Mexico is fine as long as you cross during the day. Below ensenada its good. I made the drive to canon last year no problems.

Pesky


----------



## oivind_dahle (Apr 24, 2011)

I would love to come to Hawaii, but alas we have only 3 weeks.
We gonna see vancouver, seatle, los angeles and las vegas (perhaps a few others), and we going to redwood forest, grand canyon, and I have to stop for the amazing pinot noir in oregon, and there are no more time 

You my friend should come to norway. Ill take you to places that dont have a lot of tourism: http://leenks.com/link132727.html


----------



## apicius9 (Apr 24, 2011)

For some reason I never made it to Norway. I always wanted to see the Munch museum in Oslo. But if you live close enough (Germany), it never feels like you need to rush. Now that I live in the middle of the Pacific, everything is far away... But then again, I am quite happy here, so I am not complaining.

Stefan


----------



## El Pescador (Apr 24, 2011)

El Pescador said:


> Mexico is fine as long as you cross during the day. Below ensenada its good. I made the drive to canon last year no problems.
> 
> Pesky


 

Sorry...Cabo


----------



## oivind_dahle (Apr 24, 2011)

thanks El Pescador - 
Ill think about it until we go. In the news in norway the only thing about mexico is drug war and killing 
I belive its a really nice country with a nice people. I love the cuisine, but then again Im not taking risks


----------



## 99Limited (Apr 24, 2011)

Make sure you spend a day seeing the Oregon coast, it's gorgeous. Lots of neat little towns along the way. You also want to go to Yosemite N.P and then while you're in the area go to the Mariposa Grove to see the giant sequoias.


----------



## FryBoy (Apr 24, 2011)

El Pescador said:


> Mexico is fine as long as you cross during the day. Below ensenada its good. I made the drive to canon last year no problems.
> 
> Pesky


Right! That's why there's virtually no tourism in TJ these days, and why the shops are empty. 

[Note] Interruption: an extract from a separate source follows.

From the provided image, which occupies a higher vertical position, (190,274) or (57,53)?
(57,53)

_*SoCal Workers Gunned Down Execution-Style In Tijuana*_

_*Upsurge in Tijuana drug violence kills 13
*_


----------



## Pensacola Tiger (Apr 24, 2011)

apicius9 said:


> For some reason I never made it to Norway. I always wanted to see the Munch museum in Oslo. But if you live close enough (Germany), it never feels like you need to rush. Now that I live in the middle of the Pacific, everything is far away... But then again, I am quite happy here, so I am not complaining.
> 
> Stefan


 
Stefan, if I lived in Hawaii, I wouldn't complain, either. I was last there in 1984, and have great memories.

Rick


----------



## SpikeC (Apr 24, 2011)

If renting a car Mexico is probably prohibited anyway.


----------



## Kyle (Apr 24, 2011)

oivind_dahle said:


> thanks El Pescador -
> Ill think about it until we go. In the news in norway the only thing about mexico is drug war and killing
> I belive its a really nice country with a nice people. I love the cuisine, but then again Im not taking risks



There are good parts in Mexico, but you have to drive right through the cartel wars. I have coworkers that are from Mexico and refuse to go back to visit family. They say it's as bad as we all hear on the news.


----------



## mc2442 (Apr 24, 2011)

It is a shame, but definitely avoid TJ. I miss the day trips for street tacos and cervesas, but no one goes there anymore, for good reason. Non border Mexico is still great though. And second San Diego, my favorite place I have lived


----------



## oivind_dahle (Apr 24, 2011)

99Limited said:


> Make sure you spend a day seeing the Oregon coast, it's gorgeous. Lots of neat little towns along the way. You also want to go to Yosemite N.P and then while you're in the area go to the Mariposa Grove to see the giant sequoias.


 
Thanks for tips. That place should have a visit


----------



## FryBoy (Apr 24, 2011)

I love the California coast south of San Francisco, but IMHO the coast north of San Francisco is even prettier. Mendocino in particular is spectacular and near wine country (Anderson Valley). And it connects to the Oregon coast, definitely worth seeing. 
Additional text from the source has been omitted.